Task objective
Beneath this instruction is a block of data; output from it exactly the lines that run from the one containing "used 2017 Nissan Almera E 1.5" through the one containing "1pc Customized Name", inclusive.

▬▬▬

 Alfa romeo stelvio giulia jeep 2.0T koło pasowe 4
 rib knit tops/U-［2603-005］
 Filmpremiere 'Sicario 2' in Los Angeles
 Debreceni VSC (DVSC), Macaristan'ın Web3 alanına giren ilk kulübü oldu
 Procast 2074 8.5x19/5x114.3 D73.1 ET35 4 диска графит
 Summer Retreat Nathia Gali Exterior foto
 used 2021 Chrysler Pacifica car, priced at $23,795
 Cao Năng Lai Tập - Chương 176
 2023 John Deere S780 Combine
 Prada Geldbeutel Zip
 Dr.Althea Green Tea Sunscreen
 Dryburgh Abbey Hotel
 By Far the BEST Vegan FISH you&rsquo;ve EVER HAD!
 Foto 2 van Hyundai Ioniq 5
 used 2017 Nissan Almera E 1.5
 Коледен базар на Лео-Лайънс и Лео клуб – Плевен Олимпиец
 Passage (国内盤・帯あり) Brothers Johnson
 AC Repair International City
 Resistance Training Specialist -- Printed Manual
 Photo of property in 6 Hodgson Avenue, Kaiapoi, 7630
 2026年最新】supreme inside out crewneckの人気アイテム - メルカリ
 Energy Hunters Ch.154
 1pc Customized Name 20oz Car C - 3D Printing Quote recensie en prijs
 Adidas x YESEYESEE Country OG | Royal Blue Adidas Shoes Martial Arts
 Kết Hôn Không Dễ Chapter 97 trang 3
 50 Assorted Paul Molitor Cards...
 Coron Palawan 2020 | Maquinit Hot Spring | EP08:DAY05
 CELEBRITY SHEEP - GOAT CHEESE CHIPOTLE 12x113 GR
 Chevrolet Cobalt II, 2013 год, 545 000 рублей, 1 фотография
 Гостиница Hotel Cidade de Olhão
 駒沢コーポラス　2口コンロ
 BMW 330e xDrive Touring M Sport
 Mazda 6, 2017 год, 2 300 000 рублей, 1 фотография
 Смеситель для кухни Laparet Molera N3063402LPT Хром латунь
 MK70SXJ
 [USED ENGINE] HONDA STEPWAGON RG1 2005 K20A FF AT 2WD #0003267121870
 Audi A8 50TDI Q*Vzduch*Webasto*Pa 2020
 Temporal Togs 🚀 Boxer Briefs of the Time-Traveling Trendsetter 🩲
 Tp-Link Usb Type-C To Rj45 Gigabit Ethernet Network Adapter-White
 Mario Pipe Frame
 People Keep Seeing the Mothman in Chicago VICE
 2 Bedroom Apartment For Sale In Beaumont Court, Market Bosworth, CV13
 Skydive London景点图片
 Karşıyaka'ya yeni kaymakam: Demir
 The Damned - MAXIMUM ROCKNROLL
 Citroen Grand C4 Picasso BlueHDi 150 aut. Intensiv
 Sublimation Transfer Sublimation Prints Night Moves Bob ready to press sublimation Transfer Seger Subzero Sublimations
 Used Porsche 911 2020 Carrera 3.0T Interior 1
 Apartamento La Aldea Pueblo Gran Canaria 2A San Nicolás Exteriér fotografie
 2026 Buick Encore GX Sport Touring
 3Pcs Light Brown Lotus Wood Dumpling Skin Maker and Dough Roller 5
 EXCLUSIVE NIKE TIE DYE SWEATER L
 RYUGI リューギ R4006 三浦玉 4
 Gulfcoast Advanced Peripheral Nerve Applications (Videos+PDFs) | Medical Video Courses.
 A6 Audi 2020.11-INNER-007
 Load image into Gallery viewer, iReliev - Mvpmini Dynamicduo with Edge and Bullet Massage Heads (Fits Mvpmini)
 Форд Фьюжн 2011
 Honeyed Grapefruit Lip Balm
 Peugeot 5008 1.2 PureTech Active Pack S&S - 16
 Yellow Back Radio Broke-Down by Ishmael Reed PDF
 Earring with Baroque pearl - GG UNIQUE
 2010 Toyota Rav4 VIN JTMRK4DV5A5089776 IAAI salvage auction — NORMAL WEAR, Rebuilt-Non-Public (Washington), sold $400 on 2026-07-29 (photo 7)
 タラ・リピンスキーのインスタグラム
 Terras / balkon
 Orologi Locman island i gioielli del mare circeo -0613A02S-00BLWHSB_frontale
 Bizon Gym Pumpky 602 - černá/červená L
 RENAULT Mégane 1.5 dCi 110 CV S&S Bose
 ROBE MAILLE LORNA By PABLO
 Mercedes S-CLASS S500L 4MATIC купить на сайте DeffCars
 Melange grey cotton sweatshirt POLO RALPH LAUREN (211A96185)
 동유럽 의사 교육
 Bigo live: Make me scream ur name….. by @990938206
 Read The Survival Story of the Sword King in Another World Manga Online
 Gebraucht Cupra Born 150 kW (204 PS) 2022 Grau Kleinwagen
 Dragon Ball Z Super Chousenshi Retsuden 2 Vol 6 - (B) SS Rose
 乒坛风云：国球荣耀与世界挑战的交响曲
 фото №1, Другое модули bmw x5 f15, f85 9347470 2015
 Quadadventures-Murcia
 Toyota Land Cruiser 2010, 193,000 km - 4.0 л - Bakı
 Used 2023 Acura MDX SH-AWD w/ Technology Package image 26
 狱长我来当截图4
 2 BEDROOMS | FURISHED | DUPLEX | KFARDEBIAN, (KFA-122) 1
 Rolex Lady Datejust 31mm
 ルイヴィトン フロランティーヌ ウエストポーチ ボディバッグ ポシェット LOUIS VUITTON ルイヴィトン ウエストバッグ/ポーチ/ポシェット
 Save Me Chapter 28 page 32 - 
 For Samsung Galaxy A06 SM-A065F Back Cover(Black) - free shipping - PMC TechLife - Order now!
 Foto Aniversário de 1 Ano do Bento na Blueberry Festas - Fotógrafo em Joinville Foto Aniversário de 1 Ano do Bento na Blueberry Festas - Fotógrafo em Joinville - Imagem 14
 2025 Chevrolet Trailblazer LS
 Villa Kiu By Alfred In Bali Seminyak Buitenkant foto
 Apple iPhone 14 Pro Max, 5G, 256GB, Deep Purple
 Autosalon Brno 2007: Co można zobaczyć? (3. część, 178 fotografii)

▬▬▬

Response to this exercise
 used 2017 Nissan Almera E 1.5
 Коледен базар на Лео-Лайънс и Лео клуб – Плевен Олимпиец
 Passage (国内盤・帯あり) Brothers Johnson
 AC Repair International City
 Resistance Training Specialist -- Printed Manual
 Photo of property in 6 Hodgson Avenue, Kaiapoi, 7630
 2026年最新】supreme inside out crewneckの人気アイテム - メルカリ
 Energy Hunters Ch.154
 1pc Customized Name 20oz Car C - 3D Printing Quote recensie en prijs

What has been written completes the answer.